Re: [HACKERS] Index corruption with CREATE INDEX CONCURRENTLY - Mailing list pgsql-hackers

From Pavan Deolasee
Subject Re: [HACKERS] Index corruption with CREATE INDEX CONCURRENTLY
Date
Msg-id CABOikdP88gE9Ekrw0f3c5tMqnMDgp5qp583mSyFxpxk1=6at9A@mail.gmail.com
Whole thread Raw
In response to Re: [HACKERS] Index corruption with CREATE INDEX CONCURRENTLY  (Amit Kapila <amit.kapila16@gmail.com>)
Responses Re: [HACKERS] Index corruption with CREATE INDEX CONCURRENTLY  (Amit Kapila <amit.kapila16@gmail.com>)
List pgsql-hackers


On Mon, Feb 6, 2017 at 8:15 AM, Amit Kapila <amit.kapila16@gmail.com> wrote:
On Mon, Feb 6, 2017 at 8:01 AM, Pavan Deolasee <pavan.deolasee@gmail.com> wrote:
>
>
> On Mon, Feb 6, 2017 at 1:44 AM, Tom Lane <tgl@sss.pgh.pa.us> wrote:
>>
>>
>>
>> > 2. In the second patch, we tried to recompute attribute lists if a
>> > relcache
>> > flush happens in between and index list is invalidated.
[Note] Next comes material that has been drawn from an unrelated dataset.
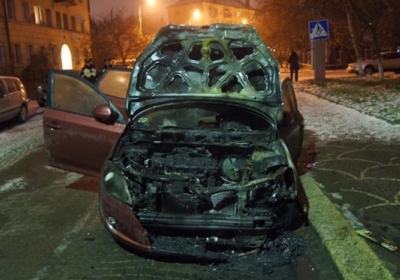В Ужгороді депутату, який бере участь у Євромайдані, спалили авто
We've seen
>> > problems
>> > with that, especially it getting into an infinite loop with
>> > CACHE_CLOBBER_ALWAYS. Not clear why it happens, but apparently relcache
>> > flushes keep happening.
>>
>> Well, yeah: the point of CLOBBER_CACHE_ALWAYS is to make a relcache flush
>> happen whenever it possibly could.
>
>
> Ah, ok. That explains why the retry logic as originally proposed was causing
> infinite loop.
>
>>
>> The way to deal with that without
>> looping is to test whether the index set *actually* changed, not whether
>> it just might have changed.
>
>
> I like this approach. I'll run the patch on a build with
> CACHE_CLOBBER_ALWAYS, but I'm pretty sure it will be ok. I also like the
> fact that retry logic is now limited to only when index set changes, which
> fits in the situation we're dealing with.
>

Don't you think it also has the same problem as mentioned by me in
Alvaro's patch and you also agreed on it? 

No, I don't think so. There can't be any more relcache flushes occurring between the first RelationGetIndexAttrBitmap() and the subsequent RelationGetIndexAttrBitmap() calls. The problem with the earlier proposed approach was that we were not caching, yet returning stale information. That implied the next call will again recompute a possibly different value. The retry logic is trying to close a small race yet important race condition where index set invalidation happens, but we cache stale information.
 
Do you see any need to fix
it locally in
RelationGetIndexAttrBitmap(), why can't we clear at transaction end?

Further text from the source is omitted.